= Thomas Cawton =

English clergyman

Thomas Cawton the elder (1605–1659) was an English clergyman of presbyterian and royalist views. After the discovery of the plot of Christopher Love, he went into exile in the Netherlands.

==Life==
He was born at Rainham, Norfolk in 1605. He was sent to Queens' College, Cambridge, by Sir Roger Townshend, 1st Baronet. After seven years at Cambridge, he studied theology at the house of Herbert Palmer, vicar of Ashwell, Hertfordshire. He was then for four years chaplain to Sir William Airmine, 1st Baronet of Orton, Northamptonshire, and in 1637 was presented by Sir Roger Townshend to the vicarage of Wivenhoe, Essex, where he persuaded his parishioners not to sell fish on Sunday.
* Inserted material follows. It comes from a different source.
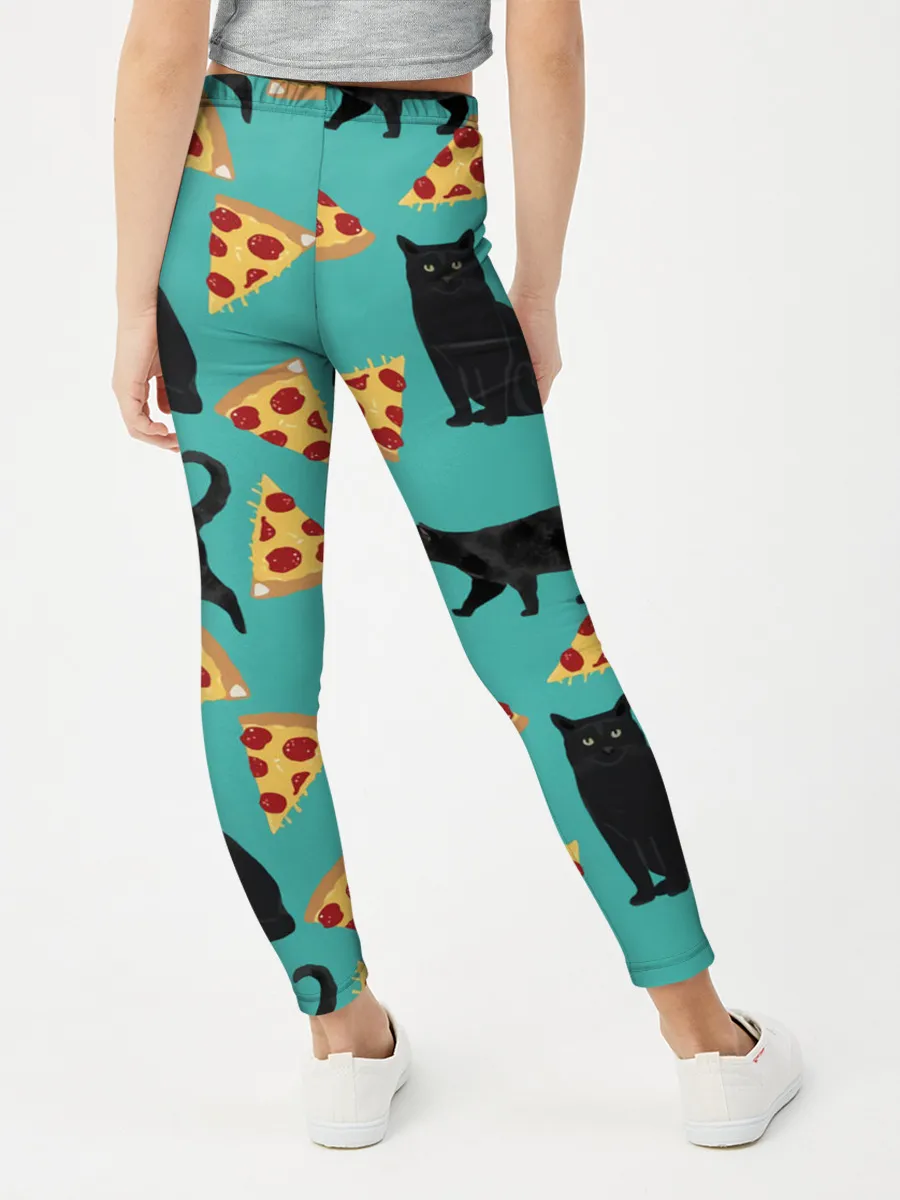 Леггинсы для девочки / Котики и Пиццы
He married Elizabeth, daughter of William Jenkyn, a preacher of Sudbury, and sister of William Jenkyn. Jenkyn ejected in 1662. Seven years later he became minister of St Bartholomew-by-the-Exchange, London. He joined in the declaration of the London ministers against the death of Charles, and preached a sermon before the mayor and aldermen at Mercers' Chapel on 25 Feb. 1649, when he prayed for the royal family and Charles II. He was brought before the council of state, and, refusing to recant, was committed to the Gatehouse Prison. He was released with other prisoners on 14 August 1649 as a thanksgiving for Michael Jones's victory at the Battle of Rathmines. He was concerned with his brother-in-law, William Jenkyn, and others, in the plot to support Charles in Scotland. Christopher Love was executed for his part in this plot on 22 August 1651, but Cawton escaped to Holland, where he was chosen pastor of the English church in Rotterdam.

Here he became acquainted with scholars, and took pains to encourage Edmund Castell's Lexicon Heptaglotton and Brian Walton's polyglot bible. In 1658 Charles II addressed a letter to him, requesting Cawton to defend him among the Dutch ministers.

Cawton died at Rotterdam on 7 August 1659.

==Family==
Cawton and his wife Elizabeth Jenkin had seven children; their son, Thomas Cawton the younger, was known as an orientalist.